HOW TO COMPLETE THIS TASK
Ignoring the pictures, copy the data exactly.

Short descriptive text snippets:

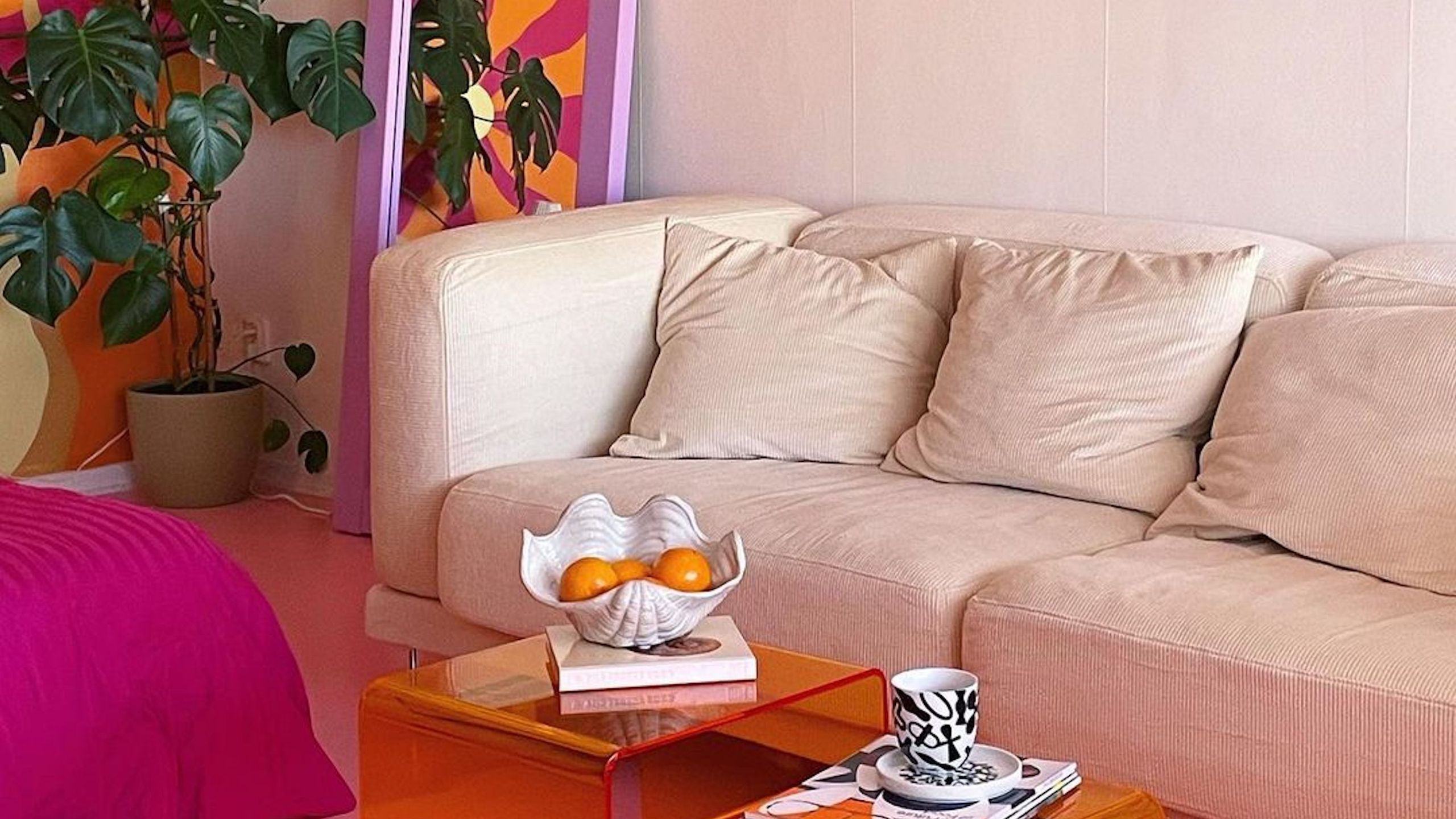 15 colorful living room ideas that we're copying from these influencers | Real Homes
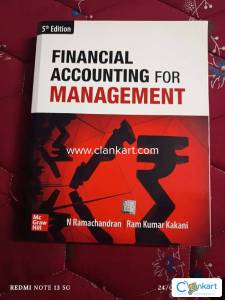 Financial and Accounting for BBA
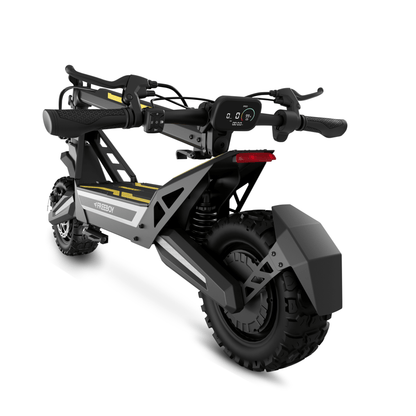 Wheely - J2 Max - Elsparkcykel - Wheelyshop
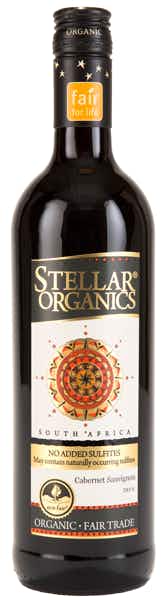 Stellar Organics Cabernet Sauvignon 2015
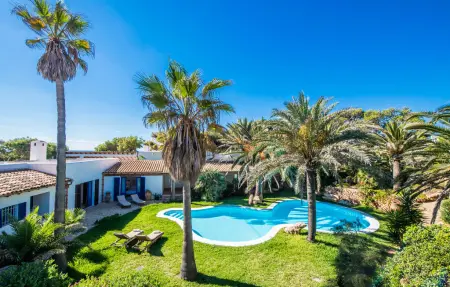Can Roca de Cala d'Or, Maison 9 personnes à Cala dOr - Photo 12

RESULT OF THE EXERCISE
 15 colorful living room ideas that we're copying from these influencers | Real Homes
 Financial and Accounting for BBA
 Wheely - J2 Max - Elsparkcykel - Wheelyshop
 Stellar Organics Cabernet Sauvignon 2015
Can Roca de Cala d'Or, Maison 9 personnes à Cala dOr - Photo 12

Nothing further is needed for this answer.